Now this would hurt. If the politicians in Washington do nothing, 23 million Americans will get hit by the alternative minimum tax next year, up from 4 million this year. A temporary fix to the AMT will cost some $45 billion to $50 billion. Repealing the AMT, according to the Congressional Budget Office, would cost more than $600 billion over 10 years. Now under new pay-as-you-go rules in Congress, any fixes or repeals will have to be paid for through higher taxes or budget cuts. One payment possibility suggested by some on the left is to repeal the Bush 2001 and 2003 tax cuts, under the logic that many taxpayers will get caught by the AMT because the Bush tax cuts lowered their tax bill. (The biggest problem, though, is that the AMT is not indexed for inflation.)
According to the static economic models of the CBO, repealing the Bush tax cuts would bring in hundreds of billions in new tax receipts every year with scant effect on economic growth. But, you might ask, wouldn't the accompanying huge tax increase dramatically slow the economy, thus hurting tax collections to some degree? Not if you look at the CBO numbers, which show the economy barely slowing after the tax cuts expire in 2010.
But is that how the real-world economy would actually react? Not according to a study by Goldman Sachs. Using the highly regarded Washington University Macro Model, Goldman ran a simulation that assumed all the Bush tax cuts expired in 2010. According to the WUMM model, the economy fell 3 percentage points below what it would have been otherwise–even assuming massive Federal Reserve rate cuts.
"Absent a tailwind to growth from some other source," the analysis concludes, "this would almost surely mark the onset of a recession."
Now the Keynesian model does show that eventually the additional revenue would help balance the budget, leading to stronger longer-term growth, a conclusion some pro-growth economists would disagree with. But you can get to a balanced budget without raising taxes.

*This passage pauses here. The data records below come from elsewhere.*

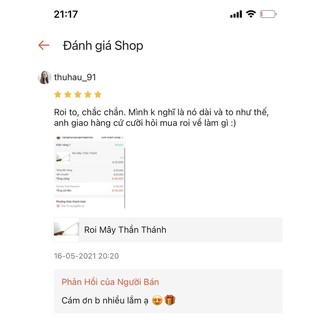 Roi Mây Chính Hiệu Thần Thánh
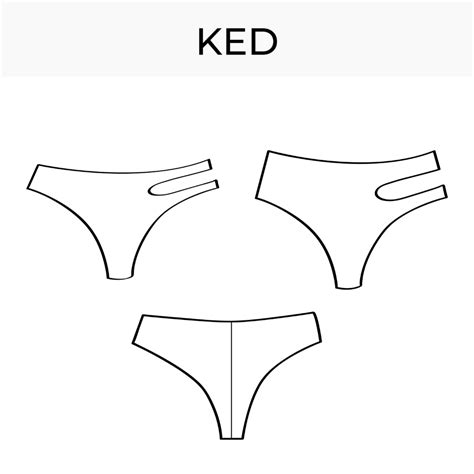 Bikini Bottoms Patterns - DIY bikini -Bikini Design Club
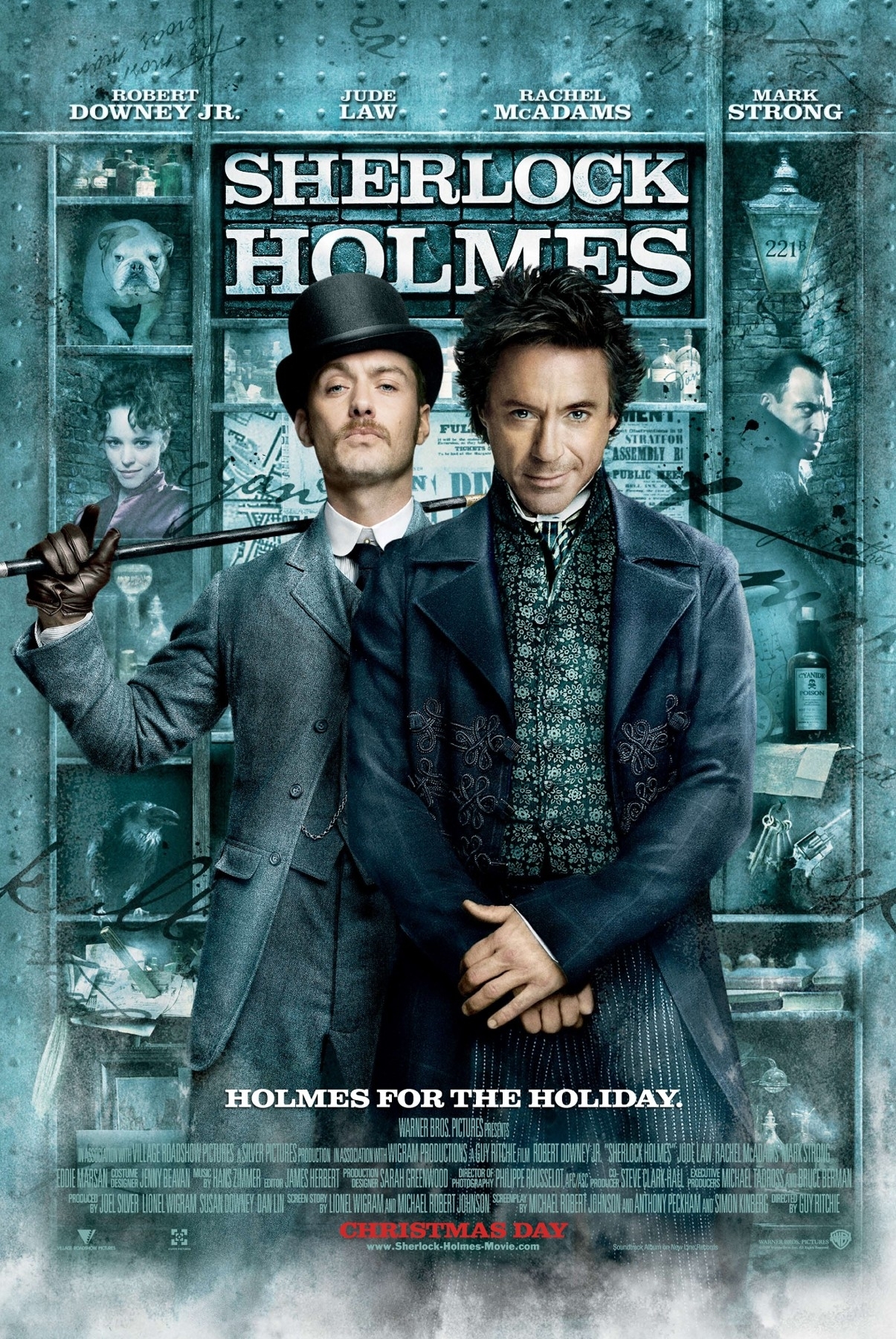 Sherlock Holmes Full HD Tek Parça 1080p izle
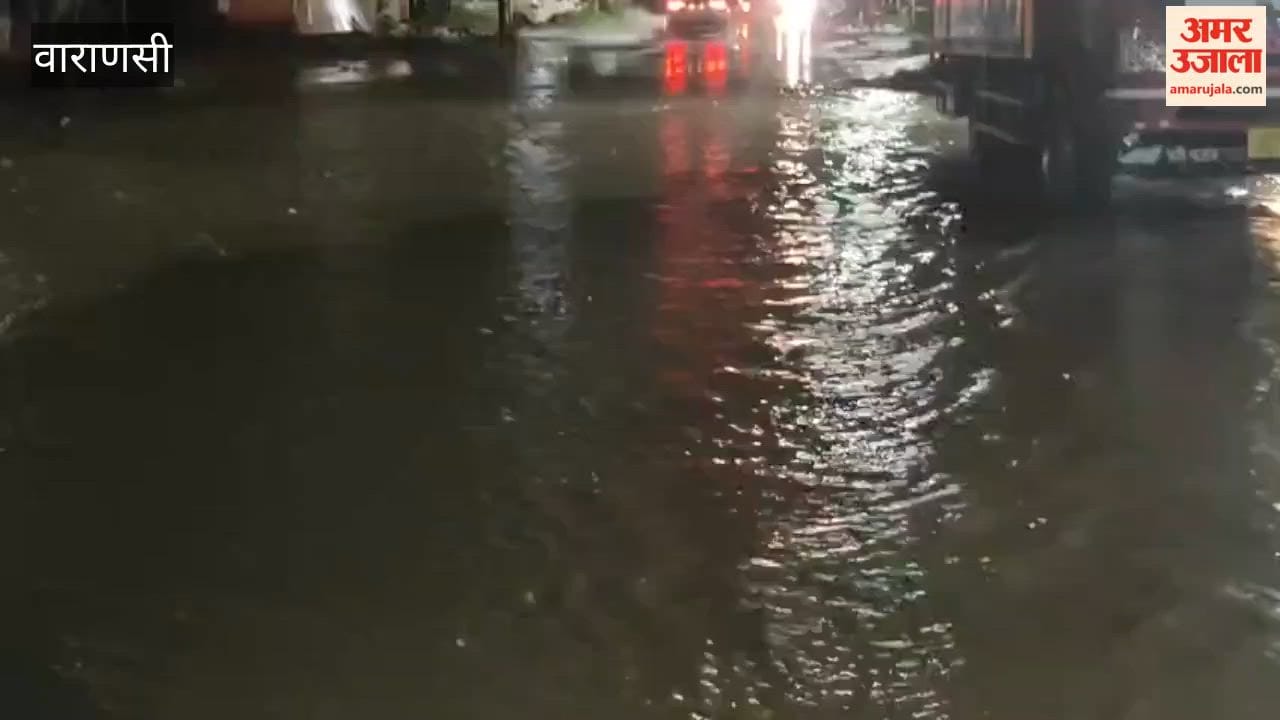Several areas of Varanasi inundated after an hour of continuous rain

For instance, freezing federal nonentitlement spending at 2007 levels–a radical move, to be sure–would mean $1.3 trillion less spending over the next decade. That would be more than enough to pay for repealing the AMT. (And remember, if Uncle Sam had merely matched spending with revenue since 2000, spending would still be up a healthy 30 percent.)
But you wouldn't need $1.3 trillion. Nor, in all likelihood, would you need $600 billion, since the CBO's analysis assumes that the massive AMT tax increases–if nothing is done–would have no ill effect on economic growth or government tax revenues. If they did–and that is likely–then repealing the AMT wouldn't be so costly. How will Democrats in Congress, the ones really pushing for AMT reform since it hits Dem voters in "blue" states like California and New York, eventually pay for AMT relief? My sources on Capitol Hill are betting that in the end, they'll have to circumvent the pay-as-you-go cap and just add AMT relief to the budget deficit.
Carnival of the Capitalists
One of my favorite websites is Carnival of the Capitalists, a weekly roundup of some of the smartest economic and business blogs on the Web. Great, great stuff with tremendous variety and supersavvy analysis. Even better, Carnival of the Capitalists is today relaunching its primary website. As a minicelebration, every day this week, I am going to answer a question from one of the CotC's group of brainy bloggers. Here is today's from Anita Campbell of Small Business Trends:
Small business is a hot segment right now, and in recent elections we've seen campaigners go out of their way to show that they are the friend of entrepreneurs and that they support the small-business market. Do you anticipate that the candidates for the 2008 presidential election will heavily court the small-business vote, and have any of them already started doing so?
Absolutely, Anita, though each party would have a different take on things. I think both Republicans and Democrats view healthcare as an issue to attract small-business owners and sole proprietors. Democrats will be offering government-directed universal healthcare. Most of the 2008 Dem candidates already have concocted at least some prototype of a plan. From Republicans, what the candidates will very likely be offering is something more along the lines of President Bush's recent proposal to offer a large tax deduction to make it easier for people to buy their own health insurance and not depend on their employers. What is interesting about Bush's plan is that it seems to recognize that more and more Americans are "free agents" responsible for their own healthcare coverage. That is a real megatrend. Another big issue in the 2008 election will be the Bush tax cuts, set to expire at the end of 2010. If they do expire, that could mean higher taxes for the many entrepreneurs and small-business people who file a Schedule C along with a 1040.